*** Opening Dataset extract ***

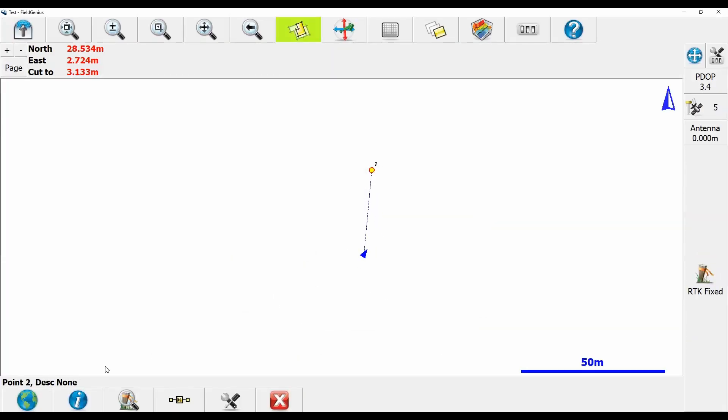So I can follow that line in to get exactly to where my point is. And when I get really close into that point, it will collapse in and my northeast and cut to in the top left of the corner will take up the entire screen and guide me into those final couple centimeters or couple inches into my point.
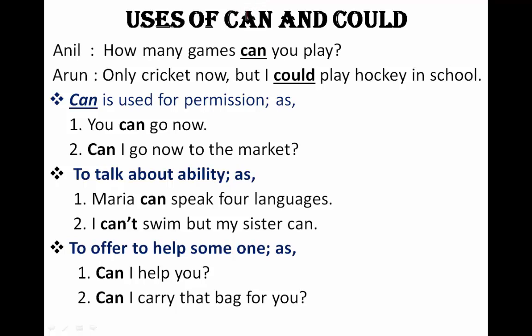Could is the past tense of can, and could is used to make polite requests. We can also use can for requests, but could is more polite. Here's a short conversation that will help you understand.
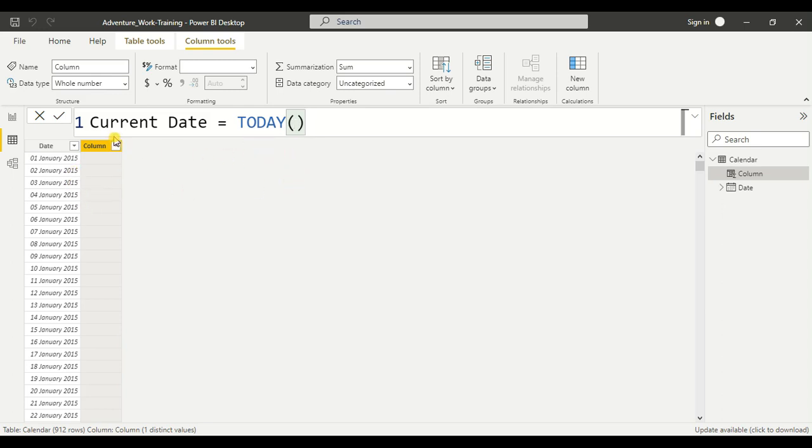So this is the DAX for the current date and we'll hit enter.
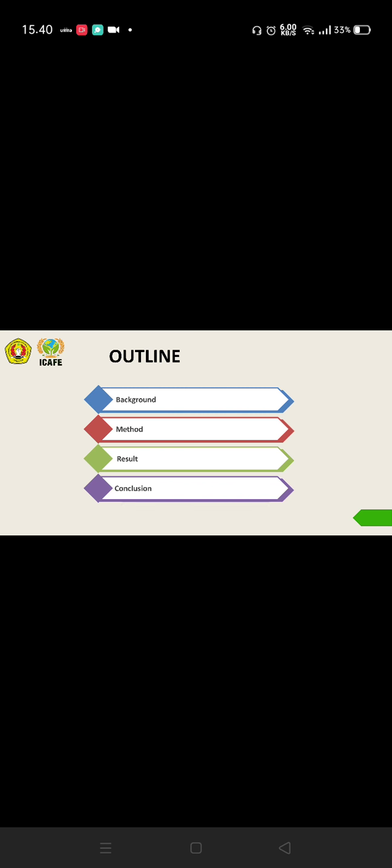You can see the outline of this presentation. There are background, method, result, and conclusion.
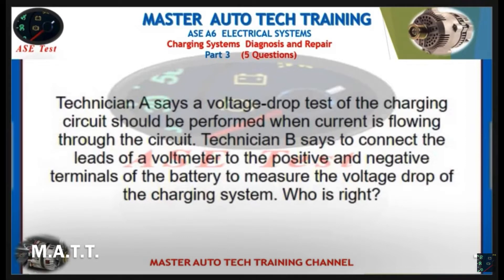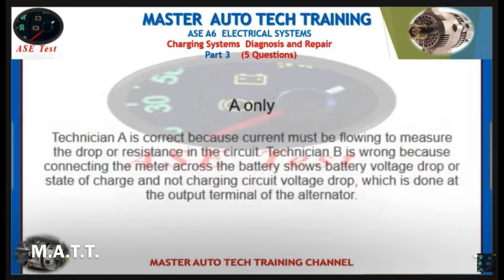Technician A says a voltage drop test of the charging circuit should be performed when current is flowing through the circuit. Technician B says to connect the leads of a voltmeter to the positive and negative terminals of the battery to measure the voltage drop of the charging system. Who is right? Technician A is correct because current must be flowing to measure the drop or resistance in the circuit. Technician B is wrong because connecting the meter across the battery shows battery voltage drop or state of charge, not charging circuit voltage drop, which is done at the output terminal of the alternator.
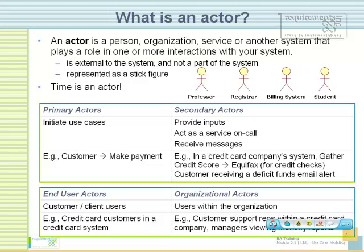Let's take another example. I'm registered with my Bank of America online banking website so that whenever my funds drop below $500, I get an alert. I also have alerts for check deposits and withdrawals. In that case, I am not triggering the use case to send me an email — the system knows whenever a certain condition is met, alert the customer. So the same customer who is a primary actor for a different use case becomes the secondary actor for this use case. The same person can be a primary actor in one use case and a secondary actor in a totally different use case.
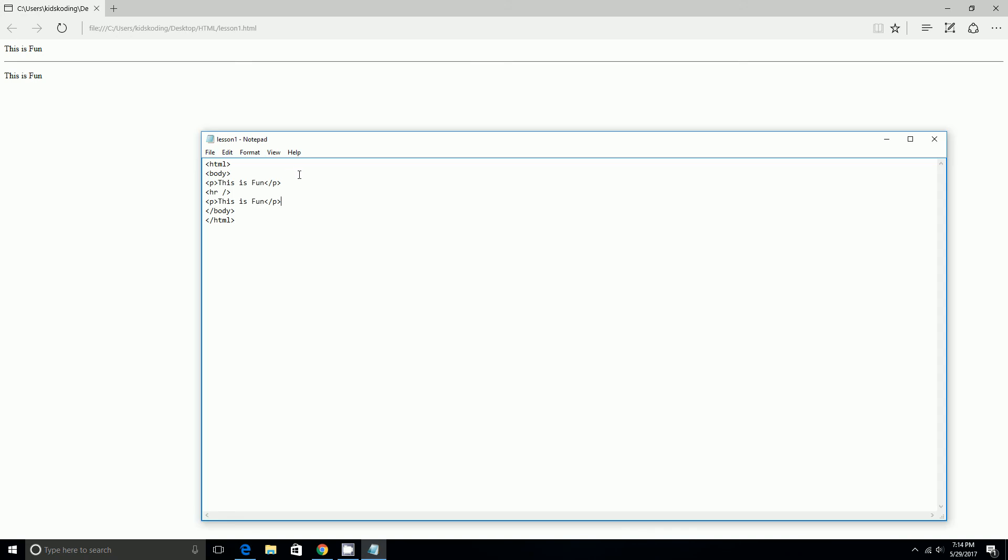Now, next we're going to be learning about comments. Because comments are only if you want to display it only on the notepad. And you don't want to show it up on the browser. Because comments never show up on the browser. And they only show up on the notepad or whatever you're using to type it.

*** Closing Dataset extract ***

The exact lines from the beginning of the data through the one that contains "You can see" must be given again, both ends included, and pictures must be left out.

So I can follow that line in to get exactly to where my point is. And when I get really close into that point, it will collapse in and my northeast and cut to in the top left of the corner will take up the entire screen and guide me into those final couple centimeters or couple inches into my point.
Could is the past tense of can, and could is used to make polite requests. We can also use can for requests, but could is more polite. Here's a short conversation that will help you understand.
So this is the DAX for the current date and we'll hit enter.
You can see the outline of this presentation. There are background, method, result, and conclusion.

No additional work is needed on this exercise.